You can better understand why not to use a Market Order if you take a moment to look at what it really is. A Buy Market Order will be filled from the best available “Ask” (Seller side of the market) price. A Sell Market Order will be filled from the best available “Bid” (Buyer side of the market) price. I know, it sounds a little twisted around but stop and think about it for a moment. When placing Orders in the stock market, Buyers and Sellers are matched to each other.

This is all well and good however, you never really know exactly how many Market Orders are waiting their turn (first come, first serve) to be executed.

Level 2 large spread

As shown in the Level 2 screen shot in Figure 1 above, we get to see the best Bid and Ask Limit Orders from each of the Market Makers and ECNs on the NASDAQ Market.

Most of the time, your average investor doesn’t have the advantage of a NASDAQ Level 2 display. They only have Level 1 which displays the Best Bid and Ask.

OK, I know, the subject here is Market Orders, not Limit Orders. Right? Wrong! You can’t talk about one with getting a bit technical about the other. But first, a little explanation on how to read the Bid and Ask is required.

Now let’s look at our example:

1=100 shares

Let’s say that you place a Market Order to Buy 100 shares. Normally, when looking at Figure 2 you would probably think that your order will be filled immediately from the Limit Order that is being held by BOOK with a price of 439.65 Right? Well, … maybe. It all depends on how many Buy Market Orders are sitting in front of your order. Remember, orders are executed on a first come, first serve basis. So, if there are orders for 100 shares executing in front of yours, your order will be filled from the Market Maker NQBX.

Now, here’s where Market Orders will get you into real trouble. If there are orders for 1000 shares executing in front of yours, you will be filled from the Market Maker BATS at the higher price of 439.74. Well, you say, “that’s OK as it’s only 9c higher so that’s not so bad”. Right? No, wrong? Because in the real world of the market there could literally be Thousands of Market Order shares executing before you so your price could really be much higher. Especially if the price of the stock is rising rapidly. The same holds true in the other direction for Selling shares.

We heard stories on the News broadcast that a buyer put in a Market Order when the price of a stock was low only to be filled $2-$3 higher than when it was first placed with their Broker. With high volatility stocks it may take a few seconds before your order will move up in the line to be executed. Also, if you are using a Web based program to execute orders it may take a second to get the order processed and moved to a Market Maker or ECN to be placed in line for execution.

Day traders like it when a lot of Market Orders are being placed because that means the stock price will be moving steadily in one direction or the other. With direct access software day traders, Brokers, and Market Makers have the means to take advantage of all of those Market Orders filling all of those Limit Orders.

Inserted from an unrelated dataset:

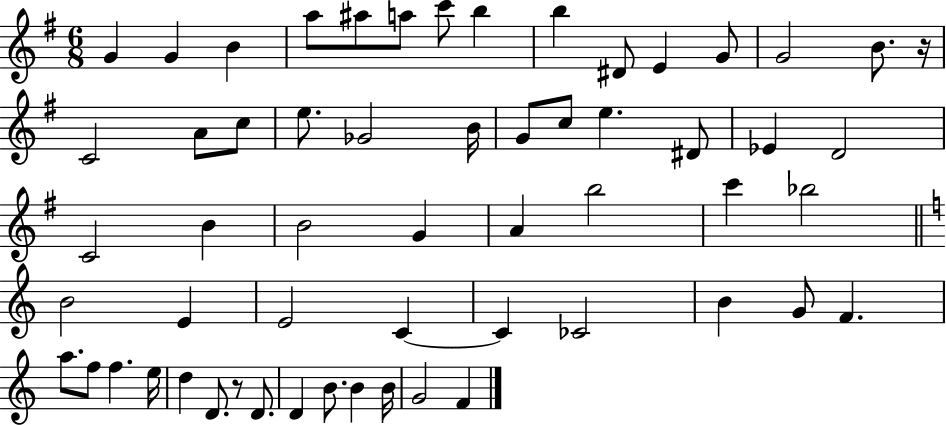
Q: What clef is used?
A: treble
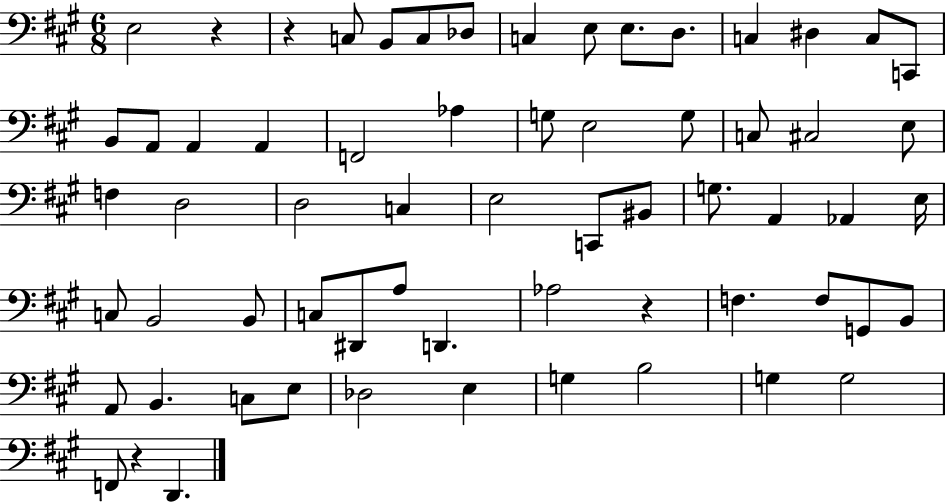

What’s this you say, “Brokers, have the means to take advantage of all of those Market Orders”. That’s right! Those Brokers that actively trader their own or House accounts just love Market Orders as those orders provide constant movement in prices. Remember, those Brokers are also using Limit Orders to Buy and Sell stock. Yep, it’s a real Bummer. They get their commission plus get their orders filled at the same time.

Now, when is a Market Order OK to use? Typically, Market Orders can be used if there are no executions at that time. However, if you place an order for a large number of shares your order may be broken up into smaller lots and filled at several price levels.

Also, if a stock price is moving against you and you want to liquidate your holdings fast, you can take the chance and place a Market Order. However, we strongly recommend that in this case, you pick a lower or higher price, depending on the direction of the price movement, and place a Limit Order.

A good rule of thumb though is to stay away from fast moving stocks, especially IPO’s until you gain a lot of experience trading in the markets.

The SEC Steps In
The SEC has taken steps to ensure that investors get the best execution / price, with rules forcing brokers to report the quality of executions on a stock-by-stock basis, including how market orders are executed and what the execution price is compared to the public quote’s effective spreads.